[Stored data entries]
- - - - -
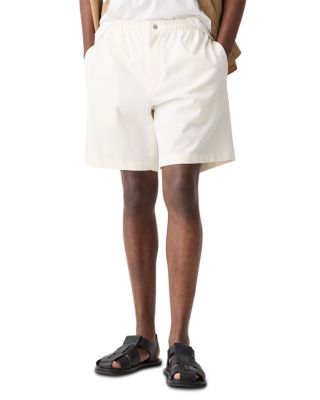 Theory 7 Easy Shorts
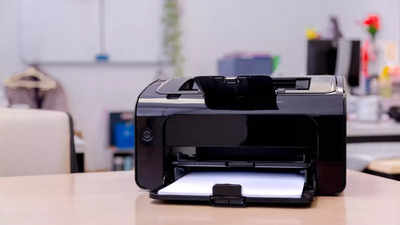 Laser printers: Here is everything you need to know before buying one
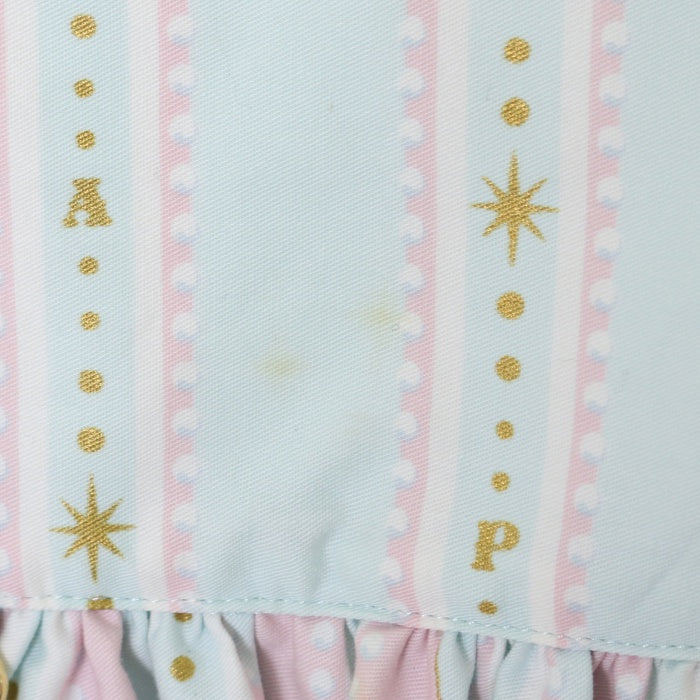 USED】Day Dream Carnivalサロペット | Angelic Pretty Wunderwelt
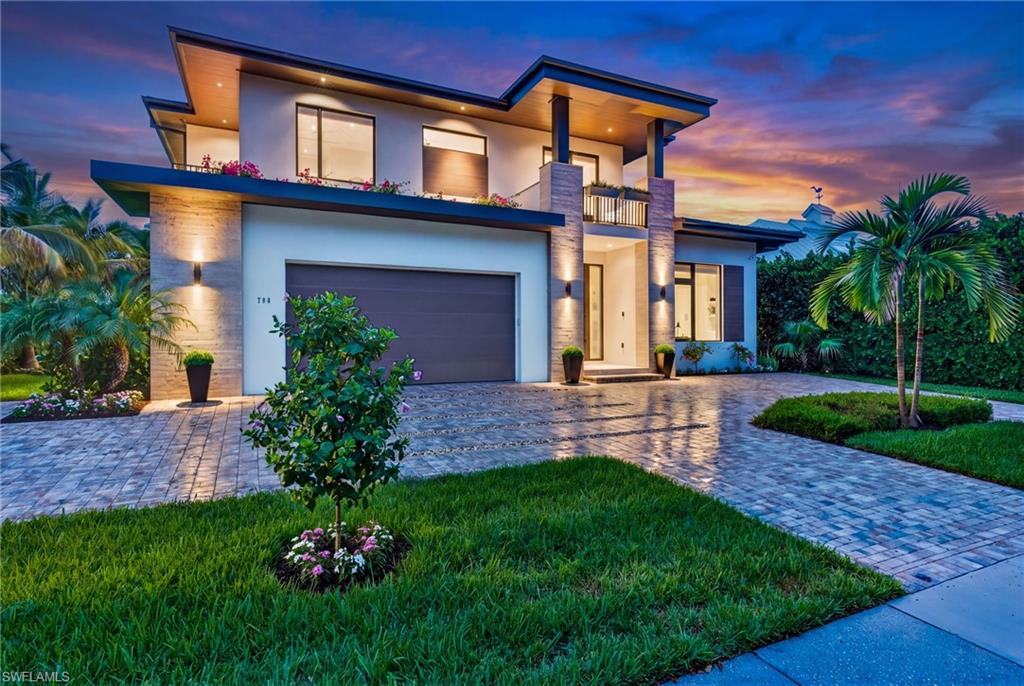 Photo of 788 7TH AVE N, NAPLES, FL 34102 (MLS # 226028669)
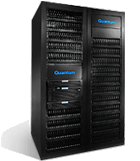 Solução de Proteção de Dados DXi8500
- - - - -
Leaving images out, please output every line of the data exactly.

▶ REPLY
 Theory 7 Easy Shorts
 Laser printers: Here is everything you need to know before buying one
 USED】Day Dream Carnivalサロペット | Angelic Pretty Wunderwelt
 Photo of 788 7TH AVE N, NAPLES, FL 34102 (MLS # 226028669)
 Solução de Proteção de Dados DXi8500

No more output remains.